Jury convicts Steve Powell of voyeurism charges
TACOMA, Wash. (AP) — A jury on Wednesday convicted Steve Powell of voyeurism charges that stemmed from an investigation into the 2009 disappearance of his daughter-in-law SusanPowell, a mother of two from Utah who has never been found.
Susan Powell‘s parents long have believed that Steve Powell knows something about her disappearance, and her father, Chuck Cox, said they were relieved by the verdict. He said he hoped the decision would get the family closer to knowing what happened to their daughter.
“It kicks another crutch away from him,” Mr. Cox said. “The main question is: Where is Susan? Now, perhaps he’ll answer it.”
Authorities long focused on Susan Powell‘s husband, Josh, during the missing-persons investigation, but he killed himself and the couple’s two young children earlier this year.
Steve Powell‘s daughter Alina took diligent notes throughout the trial while attending in support of her father. On Wednesday, she remained in the courtroom long after the verdict was read, at times crying. She declined to comment.

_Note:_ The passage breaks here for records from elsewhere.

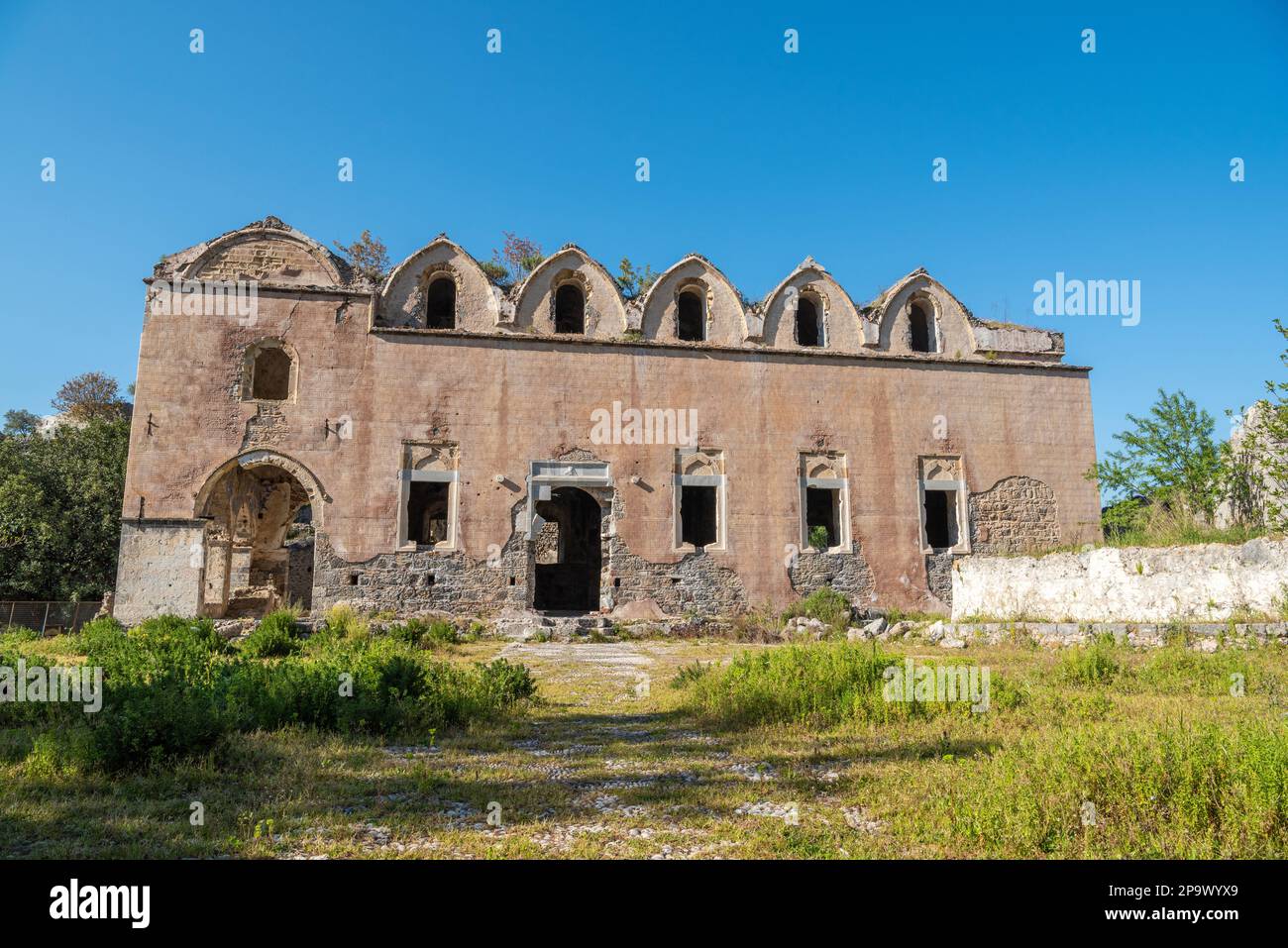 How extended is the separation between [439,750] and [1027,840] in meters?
3.95

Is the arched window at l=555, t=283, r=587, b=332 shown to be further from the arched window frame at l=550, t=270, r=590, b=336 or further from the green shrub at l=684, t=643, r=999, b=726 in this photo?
the green shrub at l=684, t=643, r=999, b=726

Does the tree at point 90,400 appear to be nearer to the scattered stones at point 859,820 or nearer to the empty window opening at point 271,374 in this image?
the empty window opening at point 271,374

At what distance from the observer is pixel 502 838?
11.9 ft

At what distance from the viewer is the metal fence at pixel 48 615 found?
16.3 m

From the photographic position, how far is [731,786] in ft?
15.0

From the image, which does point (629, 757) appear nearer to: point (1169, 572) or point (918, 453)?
point (1169, 572)

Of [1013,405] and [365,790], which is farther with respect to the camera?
[1013,405]

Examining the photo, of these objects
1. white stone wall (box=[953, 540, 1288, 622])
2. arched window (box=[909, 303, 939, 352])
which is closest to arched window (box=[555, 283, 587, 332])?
arched window (box=[909, 303, 939, 352])

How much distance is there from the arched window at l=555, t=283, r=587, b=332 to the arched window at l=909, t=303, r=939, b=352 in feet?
30.1

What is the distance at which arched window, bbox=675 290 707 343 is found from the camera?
20609 millimetres

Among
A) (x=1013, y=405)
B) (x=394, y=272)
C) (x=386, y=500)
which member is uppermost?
(x=394, y=272)

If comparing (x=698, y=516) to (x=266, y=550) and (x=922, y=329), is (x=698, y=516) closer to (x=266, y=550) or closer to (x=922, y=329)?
(x=922, y=329)

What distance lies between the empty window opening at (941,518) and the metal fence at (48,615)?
20.5 metres

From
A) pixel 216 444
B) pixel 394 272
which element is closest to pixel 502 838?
pixel 216 444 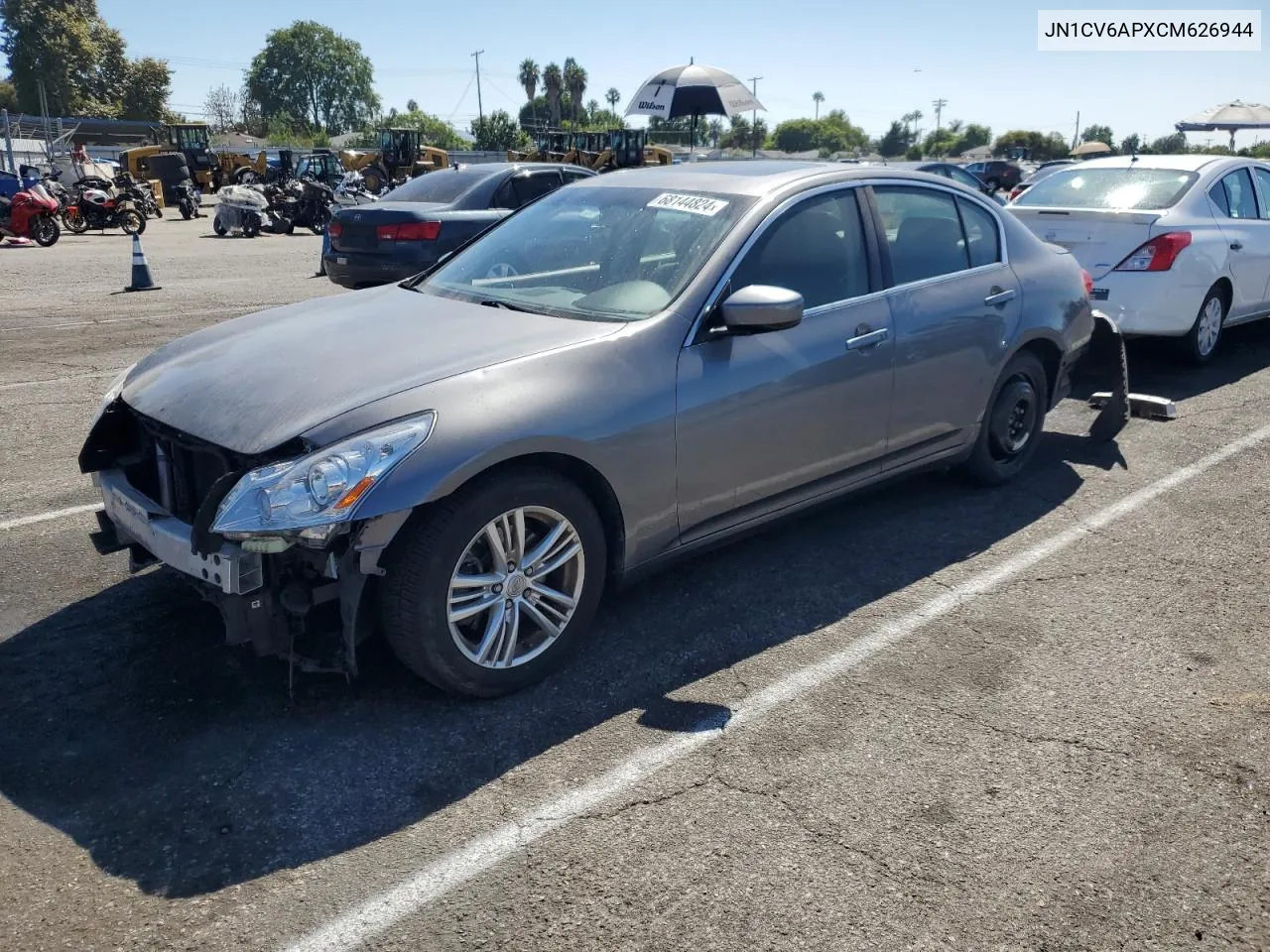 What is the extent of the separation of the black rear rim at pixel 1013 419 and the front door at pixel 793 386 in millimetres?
1128

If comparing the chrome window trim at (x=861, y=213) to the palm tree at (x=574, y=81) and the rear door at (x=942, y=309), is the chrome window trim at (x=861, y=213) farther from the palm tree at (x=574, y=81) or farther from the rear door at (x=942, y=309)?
the palm tree at (x=574, y=81)

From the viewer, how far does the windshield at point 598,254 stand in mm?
4023

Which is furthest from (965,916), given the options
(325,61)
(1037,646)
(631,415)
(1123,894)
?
(325,61)

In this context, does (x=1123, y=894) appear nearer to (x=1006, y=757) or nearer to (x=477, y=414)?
(x=1006, y=757)

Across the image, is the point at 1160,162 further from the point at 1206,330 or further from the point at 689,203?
the point at 689,203

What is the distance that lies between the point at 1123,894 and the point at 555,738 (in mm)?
1618

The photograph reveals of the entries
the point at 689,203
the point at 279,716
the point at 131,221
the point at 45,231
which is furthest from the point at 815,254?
the point at 131,221

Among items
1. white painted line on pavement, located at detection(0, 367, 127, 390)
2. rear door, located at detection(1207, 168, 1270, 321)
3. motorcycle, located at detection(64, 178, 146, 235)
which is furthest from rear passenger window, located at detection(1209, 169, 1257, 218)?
motorcycle, located at detection(64, 178, 146, 235)

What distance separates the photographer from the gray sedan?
3.12 meters

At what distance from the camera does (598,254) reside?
4.29 m

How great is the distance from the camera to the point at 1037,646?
3906mm

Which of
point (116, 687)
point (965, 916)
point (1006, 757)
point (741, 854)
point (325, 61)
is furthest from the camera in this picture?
point (325, 61)

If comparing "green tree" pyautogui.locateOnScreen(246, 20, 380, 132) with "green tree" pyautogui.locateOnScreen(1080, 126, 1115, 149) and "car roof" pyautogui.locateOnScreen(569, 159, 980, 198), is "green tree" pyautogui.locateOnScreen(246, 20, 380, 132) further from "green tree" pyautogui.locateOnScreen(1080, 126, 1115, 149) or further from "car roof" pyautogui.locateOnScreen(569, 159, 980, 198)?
"car roof" pyautogui.locateOnScreen(569, 159, 980, 198)

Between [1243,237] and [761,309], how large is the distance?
21.7 ft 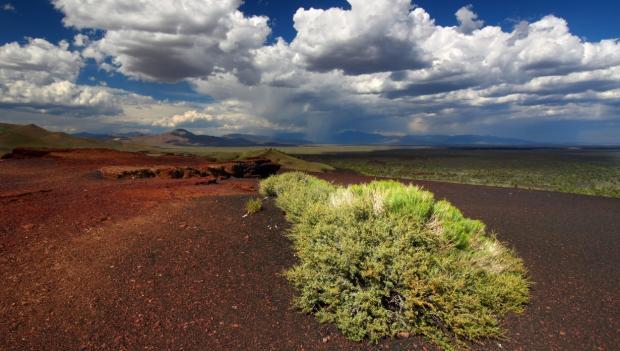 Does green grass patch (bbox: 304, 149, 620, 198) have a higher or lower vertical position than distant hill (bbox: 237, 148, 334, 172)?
lower

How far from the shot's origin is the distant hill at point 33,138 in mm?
34125

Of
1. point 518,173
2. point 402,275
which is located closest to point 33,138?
point 402,275

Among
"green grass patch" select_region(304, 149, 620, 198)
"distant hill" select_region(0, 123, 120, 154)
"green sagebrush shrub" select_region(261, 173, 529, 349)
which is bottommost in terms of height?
"green grass patch" select_region(304, 149, 620, 198)

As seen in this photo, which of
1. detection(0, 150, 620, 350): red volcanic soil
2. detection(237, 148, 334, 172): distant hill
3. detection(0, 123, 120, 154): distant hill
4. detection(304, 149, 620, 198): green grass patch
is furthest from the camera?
detection(0, 123, 120, 154): distant hill

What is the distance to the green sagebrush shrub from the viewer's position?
464 cm

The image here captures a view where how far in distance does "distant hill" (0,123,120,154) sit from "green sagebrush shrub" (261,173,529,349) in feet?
126

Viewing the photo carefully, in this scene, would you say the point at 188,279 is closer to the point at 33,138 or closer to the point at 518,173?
the point at 33,138

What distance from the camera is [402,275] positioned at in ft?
15.7

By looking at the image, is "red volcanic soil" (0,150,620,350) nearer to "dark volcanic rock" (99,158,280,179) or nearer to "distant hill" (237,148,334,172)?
"dark volcanic rock" (99,158,280,179)

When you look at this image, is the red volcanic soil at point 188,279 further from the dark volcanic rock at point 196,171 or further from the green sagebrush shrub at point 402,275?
the dark volcanic rock at point 196,171

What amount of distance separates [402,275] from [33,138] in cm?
4268

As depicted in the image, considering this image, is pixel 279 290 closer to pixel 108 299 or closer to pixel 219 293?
pixel 219 293

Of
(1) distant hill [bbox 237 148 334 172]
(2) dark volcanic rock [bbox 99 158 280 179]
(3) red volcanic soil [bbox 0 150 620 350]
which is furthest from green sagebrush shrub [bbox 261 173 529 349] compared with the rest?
(1) distant hill [bbox 237 148 334 172]

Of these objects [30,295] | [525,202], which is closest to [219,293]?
[30,295] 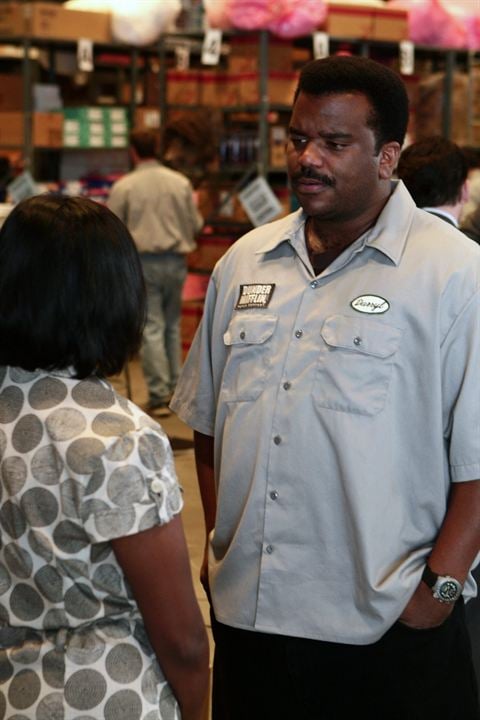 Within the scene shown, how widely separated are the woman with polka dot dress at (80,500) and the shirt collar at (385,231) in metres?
0.57

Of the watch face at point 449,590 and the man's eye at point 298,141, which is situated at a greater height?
the man's eye at point 298,141

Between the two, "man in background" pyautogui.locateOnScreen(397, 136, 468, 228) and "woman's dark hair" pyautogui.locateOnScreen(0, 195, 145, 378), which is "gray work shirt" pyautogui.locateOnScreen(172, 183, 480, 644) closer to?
"woman's dark hair" pyautogui.locateOnScreen(0, 195, 145, 378)

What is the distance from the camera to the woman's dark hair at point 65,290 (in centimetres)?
153

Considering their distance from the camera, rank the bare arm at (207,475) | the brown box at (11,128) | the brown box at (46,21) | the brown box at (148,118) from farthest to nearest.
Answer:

They allege they found thousands of images of females being photographed and videotaped without their knowledge, including Susan Powell. But the pictures of her were not part of the case. Instead, prosecutors focused on images of two young girls who lived next door to Steve Powell.
During closing arguments Tuesday, Pierce County Prosecutor Grant Blinn methodically showed photos of the young girls to the jury while saying that Steve Powell captured the images from his bedroom window.
“He was sitting there, lurking in the shadows, leering at the girls,” Mr. Blinn said.
Authorities say the files show the young girls in a bathroom as they bathed and used the toilet. The girls, identified in court only by their initials, were about 8 and 10 when the images were captured. They testified they had no idea someone had taken photos of them in the bathroom.
Defense attorneys argued there were too many uncertainties in the evidence to convict. Lawyer Travis Currie repeatedly emphasized the standard of “reasonable doubt” during closing arguments, raising the prospect that others could have captured the images.
Jurors seemed to be grappling with that issue during deliberations.
They asked a question early in the process Tuesday about whether the disc that contained the images was found in boxes containing only items belonging to Steve Powell. They then asked to view the disc to get clarity on two of the counts.
And on Wednesday, the jury asked a question about exhibits used by the prosecution, indicating jurors felt that images in one of the exhibits didn’t meet the reasonable-doubt requirement.